DATA FOR THIS EXERCISE:
+ + + +

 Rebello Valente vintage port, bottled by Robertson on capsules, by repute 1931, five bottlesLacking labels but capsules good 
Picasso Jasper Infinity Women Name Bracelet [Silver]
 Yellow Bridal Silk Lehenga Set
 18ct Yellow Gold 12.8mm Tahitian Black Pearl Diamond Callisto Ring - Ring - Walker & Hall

+ + + +

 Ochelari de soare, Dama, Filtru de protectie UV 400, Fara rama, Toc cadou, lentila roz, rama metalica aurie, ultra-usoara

+ + + +

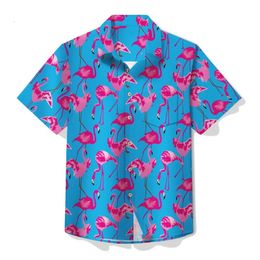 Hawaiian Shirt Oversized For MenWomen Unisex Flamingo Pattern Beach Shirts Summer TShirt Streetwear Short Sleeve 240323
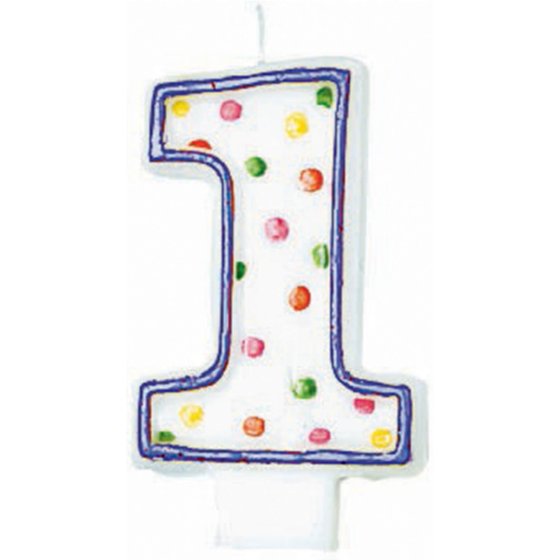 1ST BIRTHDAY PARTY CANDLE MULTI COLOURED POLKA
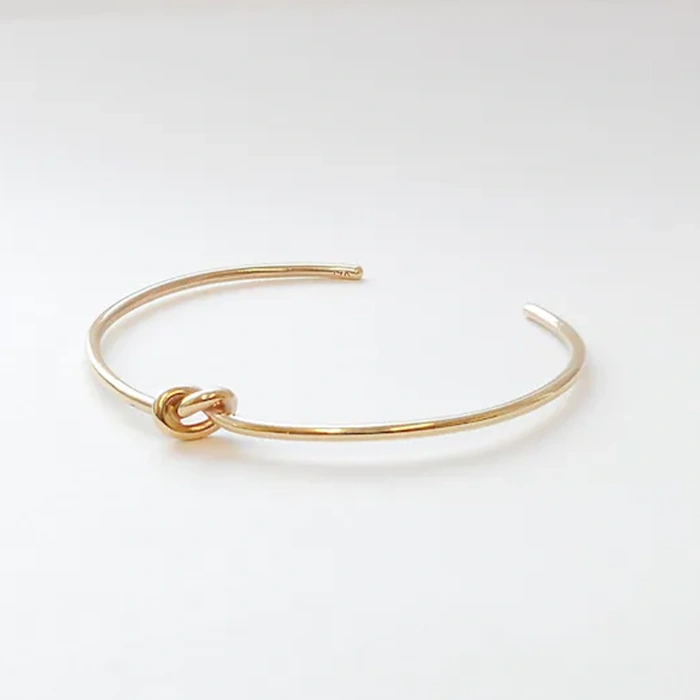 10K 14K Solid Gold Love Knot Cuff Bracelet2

+ + + +

WHAT NEEDS TO BE DONE:
Copy the lines above exactly. Start with the line containing "Yellow Bridal Silk Lehenga Set", end with the line containing "18ct Yellow Gold", and include both.

RESULT FOR THIS TASK:
 Yellow Bridal Silk Lehenga Set
 18ct Yellow Gold 12.8mm Tahitian Black Pearl Diamond Callisto Ring - Ring - Walker & Hall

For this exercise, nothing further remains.